On 8/13/2014 12:11 PM, taifuls...@gmail.com wrote:

I am new in Python programming.
> Currently reading the book " Learn Python the Heard Way".

The title is '... Hard Way'. This is literally true. The author 'warns' beginners to not learn Python 3, which is easier to learn than Python 2, and works better in many ways.

Even worse, he warns people not to use Idle (or any other IDE) and use a plain text editor like Notepad++ and a terminal to edit and run programs. This is definitely the Hard Way compared to edit and run with Idle. I know from experience, because I started the way he recommends (editor and command prompt) and put off learning to use Idle. What I fool I was.

> However i need a python script which will take
an image file (any standard format) from my windows pc as input.

Python will read any file as input: bytes are bytes. Open non-text files in binary mode. For example,

pic = open('image.jpg', 'rb')  # I believe this is the same in 2.x.
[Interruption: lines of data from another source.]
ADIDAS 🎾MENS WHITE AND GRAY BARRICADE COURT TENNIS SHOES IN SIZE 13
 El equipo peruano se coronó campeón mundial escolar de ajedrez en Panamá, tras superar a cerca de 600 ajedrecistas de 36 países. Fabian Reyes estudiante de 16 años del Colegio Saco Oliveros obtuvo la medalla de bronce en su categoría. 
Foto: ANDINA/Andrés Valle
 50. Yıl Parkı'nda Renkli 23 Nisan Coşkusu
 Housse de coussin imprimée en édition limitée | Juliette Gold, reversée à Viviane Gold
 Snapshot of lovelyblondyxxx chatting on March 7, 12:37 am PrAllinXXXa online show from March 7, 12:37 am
However, this is not useful unless you know the file layout and enjoy parsing it at the byte level. Better to use a package that does that for you. For doing anything with images, you might use pillow, a friendly updated fork of PIL (Python Imaging Library), which works on 2.6-7 and 3.2-4. I just did
C:\Programs\Python34>pip install pillow
(I have been meaning to do this anyway) and a few seconds later it is installed and 'import PIL' works.

For the docs, I had to go back to
https://pypi.python.org/pypi/Pillow/2.5.2
to find the reference to
http://pillow.readthedocs.org/en/latest/

In Idle I added 'pillow' to the help menu, linked to the url above, using the options dialog General tab, Additional Help Sources box.